*Supplied material*.
---*---

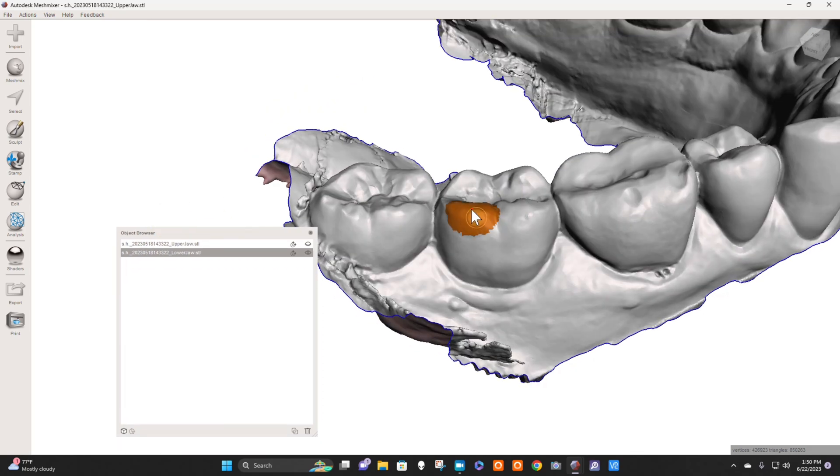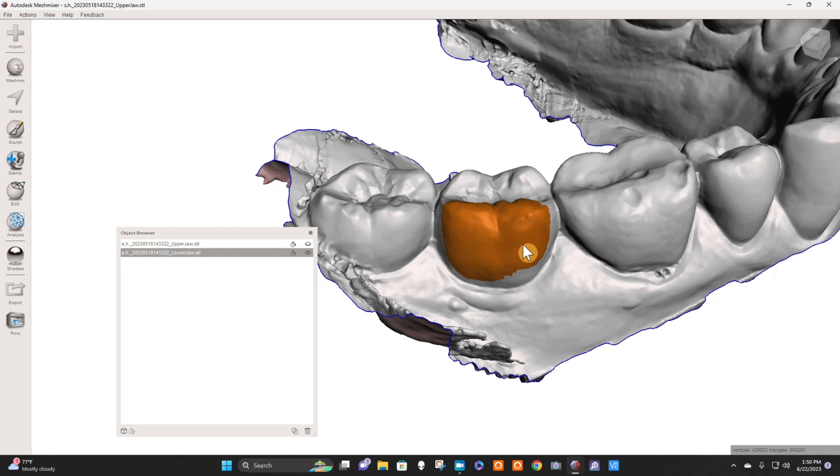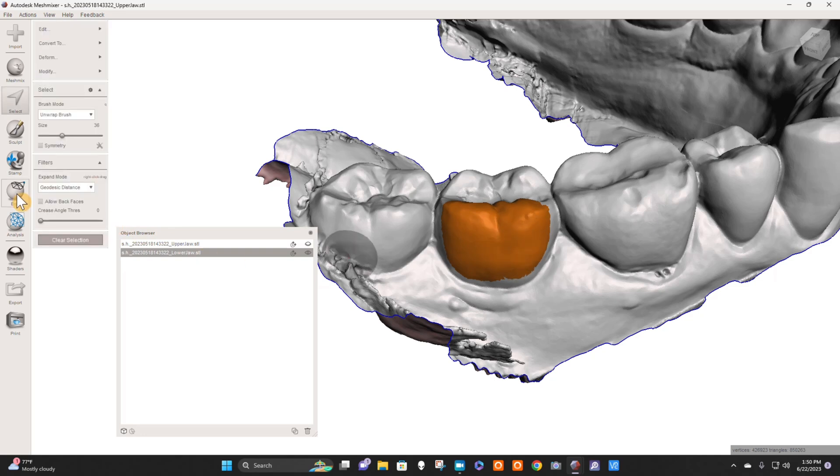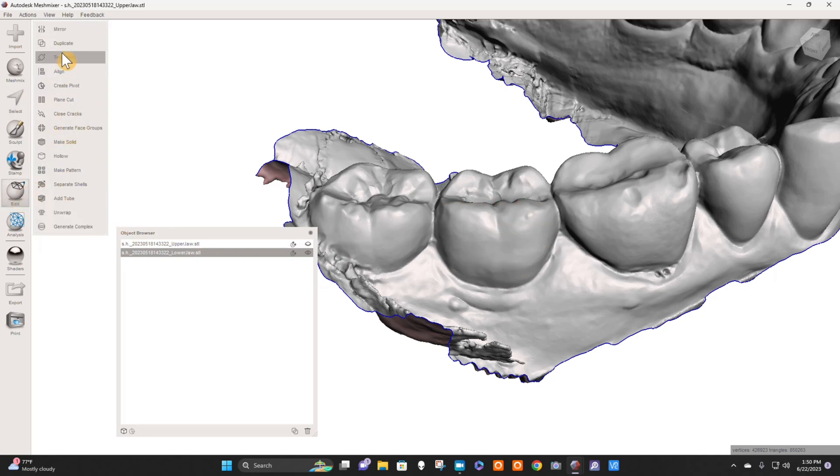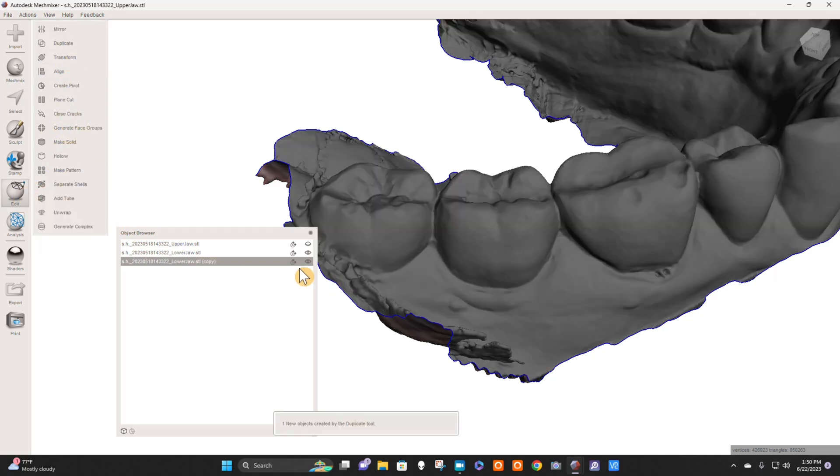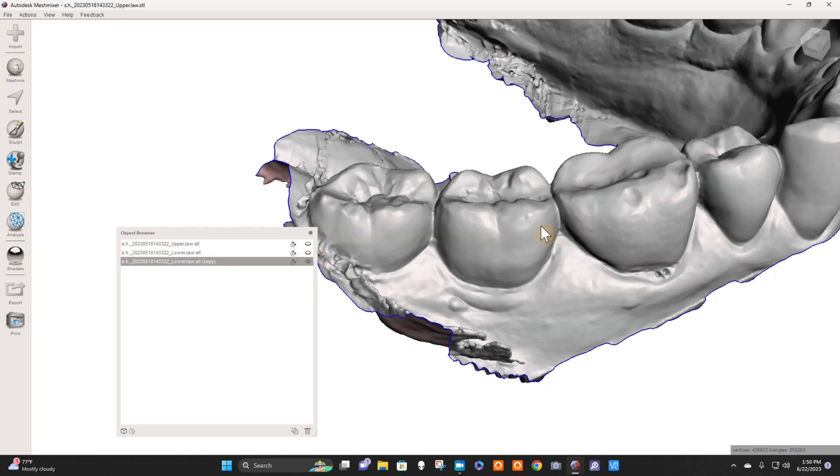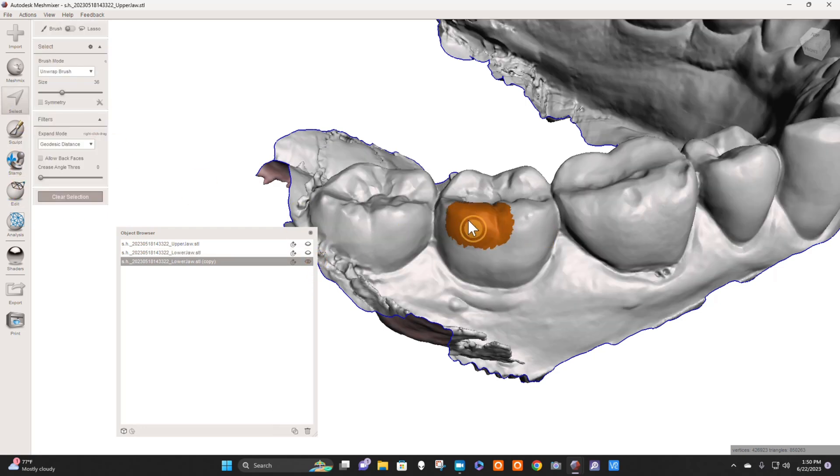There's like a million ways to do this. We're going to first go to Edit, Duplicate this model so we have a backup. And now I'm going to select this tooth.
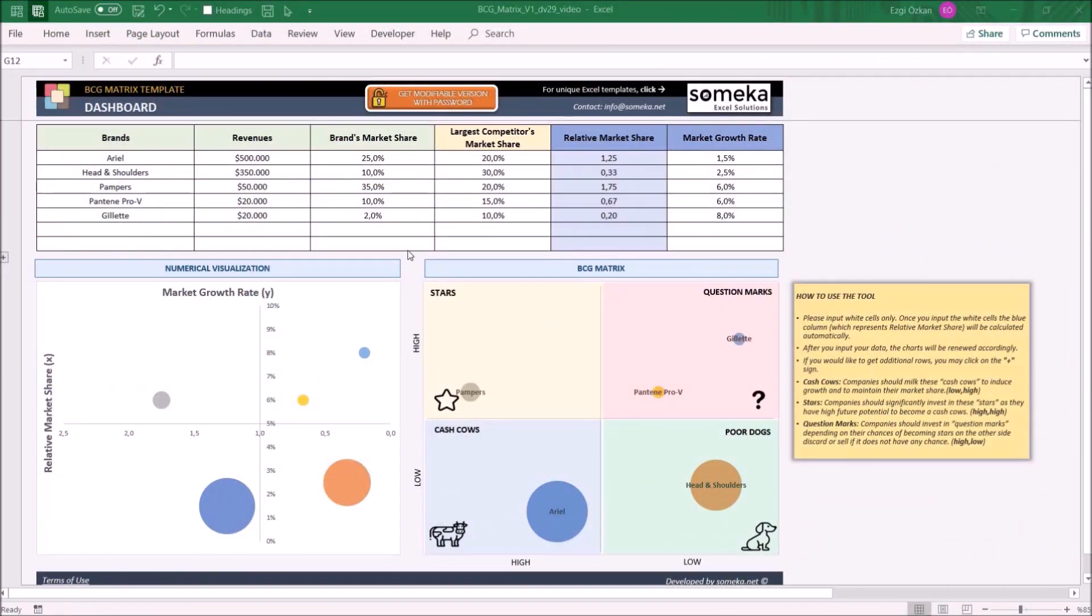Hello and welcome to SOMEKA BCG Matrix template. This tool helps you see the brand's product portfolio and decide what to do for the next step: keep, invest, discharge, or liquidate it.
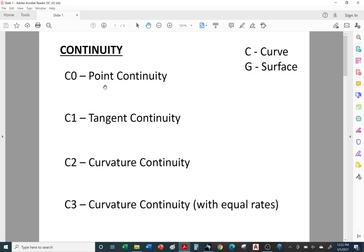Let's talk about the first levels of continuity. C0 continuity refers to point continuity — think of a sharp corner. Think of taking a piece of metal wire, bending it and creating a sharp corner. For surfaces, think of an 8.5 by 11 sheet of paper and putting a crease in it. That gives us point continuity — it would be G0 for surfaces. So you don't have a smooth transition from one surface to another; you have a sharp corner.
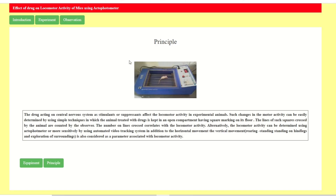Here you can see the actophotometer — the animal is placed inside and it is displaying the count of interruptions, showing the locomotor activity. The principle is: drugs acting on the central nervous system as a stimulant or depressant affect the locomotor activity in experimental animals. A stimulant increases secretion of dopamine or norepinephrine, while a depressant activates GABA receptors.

---*---

Once the images are set aside, retype all of the material above exactly.

*Solved exercise*.
There's like a million ways to do this. We're going to first go to Edit, Duplicate this model so we have a backup. And now I'm going to select this tooth.
Hello and welcome to SOMEKA BCG Matrix template. This tool helps you see the brand's product portfolio and decide what to do for the next step: keep, invest, discharge, or liquidate it.
Let's talk about the first levels of continuity. C0 continuity refers to point continuity — think of a sharp corner. Think of taking a piece of metal wire, bending it and creating a sharp corner. For surfaces, think of an 8.5 by 11 sheet of paper and putting a crease in it. That gives us point continuity — it would be G0 for surfaces. So you don't have a smooth transition from one surface to another; you have a sharp corner.
Here you can see the actophotometer — the animal is placed inside and it is displaying the count of interruptions, showing the locomotor activity. The principle is: drugs acting on the central nervous system as a stimulant or depressant affect the locomotor activity in experimental animals. A stimulant increases secretion of dopamine or norepinephrine, while a depressant activates GABA receptors.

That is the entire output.